落日のドイツ~なぜ「マイスターの国」が中国に敗れ、日本は生き残ったのか~

かつて欧州経済の絶対的な原動力であり、強固な財政と輸出競争力を誇ったドイツ。しかし現在、同国は「産業大国が依存をパートナーシップと誤認したときに何が起こるのか」を示す、世界で最も痛烈なケーススタディであり、警告となっている。

何十年もの間、ドイツは中国との深い関与が持続的な「ウィンウィン」の関係を生むと信じ込んでいた。ドイツが高度な機械や自動車を輸出し、中国がそれを原動力として成長し、さらに市場を拡大する――。この理想的な循環は、地政学的現実の変化と中国の急激な技術的キャッチアップによって、瞬く間にドイツの「最大の負債」へと反転した。

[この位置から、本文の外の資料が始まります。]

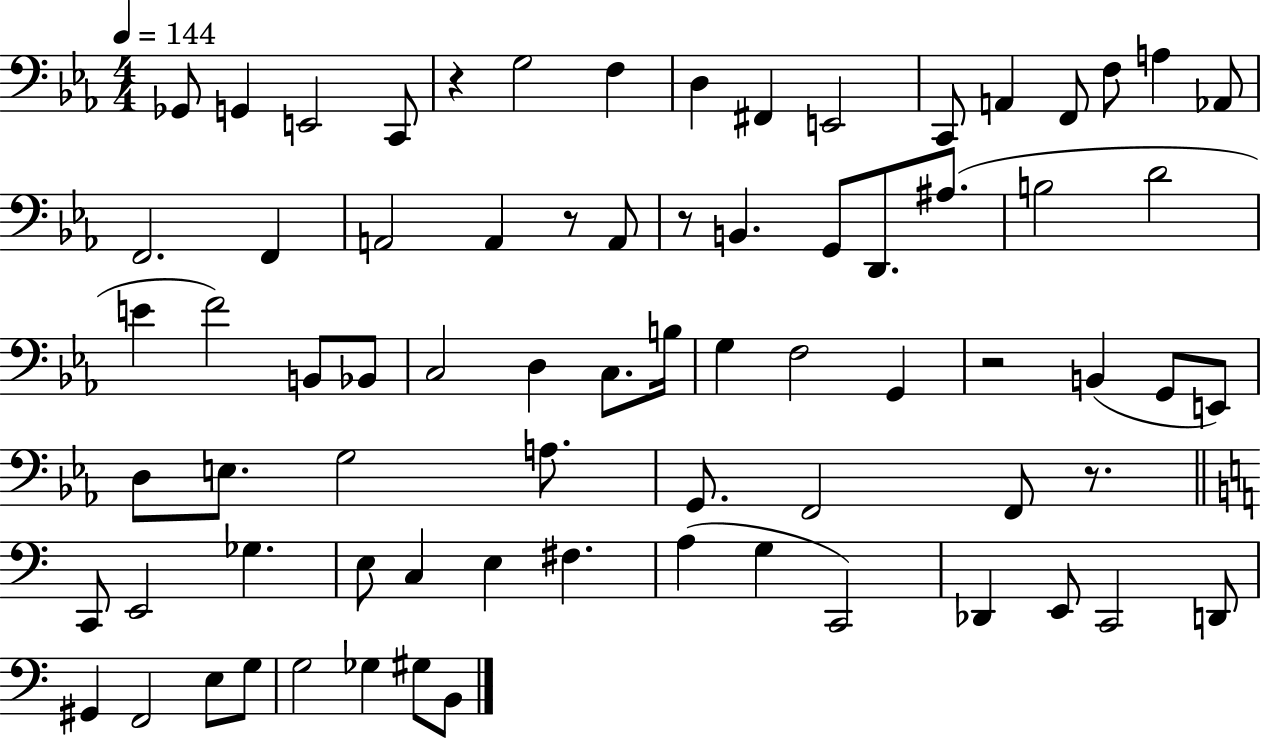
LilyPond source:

{
  \clef bass
  \numericTimeSignature
  \time 4/4
  \key ees \major
  \tempo 4 = 144
  \repeat volta 2 { ges,8 g,4 e,2 c,8 | r4 g2 f4 | d4 fis,4 e,2 | c,8 a,4 f,8 f8 a4 aes,8 | \break f,2. f,4 | a,2 a,4 r8 a,8 | r8 b,4. g,8 d,8. ais8.( | b2 d'2 | \break e'4 f'2) b,8 bes,8 | c2 d4 c8. b16 | g4 f2 g,4 | r2 b,4( g,8 e,8) | \break d8 e8. g2 a8. | g,8. f,2 f,8 r8. | \bar "||" \break \key a \minor c,8 e,2 ges4. | e8 c4 e4 fis4. | a4( g4 c,2) | des,4 e,8 c,2 d,8 | \break gis,4 f,2 e8 g8 | g2 ges4 gis8 b,8 | } \bar "|."
}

世界の3大製造大国である米国、日本、ドイツを比較すると、ドイツの戦略的誤算はより鮮明になる。中国の台頭に直面しながら、米国は関税の壁を築き、輸入を制限することで自国産業が復活するための「時間」を稼いだ。トランプは2018年の第一次政権当時から既に中国へ関税を課していたのだ。
一方、日本は長年の経験からサプライチェーンの多様化をいち早く進め、地政学的リスクに備えてきた。
しかし、ドイツは、さらなる依存を築く道を選んでしまったのだ。
その結果が、今、ドイツ製造業を襲っている。

ドイツ経済の基幹であり、伝統的な強みの象徴であった「資本財(機械・設備など)」および「工作機械」の分野で起きている地殻変動は、現在の危機を最も雄弁に物語っている。
長年、ドイツは中国に対して一貫して資本財の貿易黒字を維持してきた。
しかし、Apollo Academyなどの分析が示す通り、2024年半ばから2025年8月までの12カ月移動平均において、ドイツの対中資本財貿易収支は約7億5000万ユーロの黒字から、約5億ユーロの赤字へと劇的に悪化した。
ドイツが中国に機械を売る額よりも、中国から機械や設備を輸入する額の方が多くなったのだ。この逆転は、単なる一時的な需要の変動ではなく、産業構造そのものが変化したことを意味している。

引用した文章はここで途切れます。